··· DATA

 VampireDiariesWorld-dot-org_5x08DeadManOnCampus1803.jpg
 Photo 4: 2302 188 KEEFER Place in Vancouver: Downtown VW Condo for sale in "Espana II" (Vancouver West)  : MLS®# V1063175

······
··· DATA

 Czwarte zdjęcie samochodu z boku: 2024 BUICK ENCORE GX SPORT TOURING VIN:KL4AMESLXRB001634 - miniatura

······
··· DATA

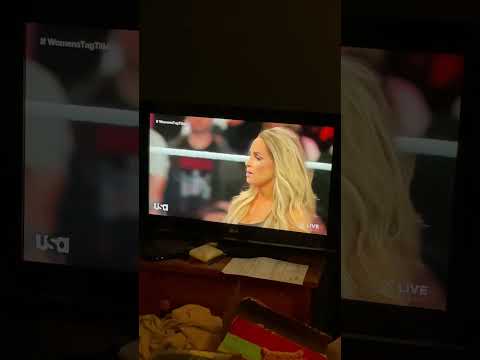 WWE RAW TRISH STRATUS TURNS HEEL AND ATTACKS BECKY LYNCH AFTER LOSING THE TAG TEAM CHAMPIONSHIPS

······

ACTION ITEM »
Only the lines above starting at the one containing "VampireDiariesWorld-dot-org_5x08DeadManOnCampus1803.jpg" and ending at the one containing "Photo 4: 2302", both included, are to be returned, exactly as they read.

OUTPUT OF THE EXERCISE »
 VampireDiariesWorld-dot-org_5x08DeadManOnCampus1803.jpg
 Photo 4: 2302 188 KEEFER Place in Vancouver: Downtown VW Condo for sale in "Espana II" (Vancouver West)  : MLS®# V1063175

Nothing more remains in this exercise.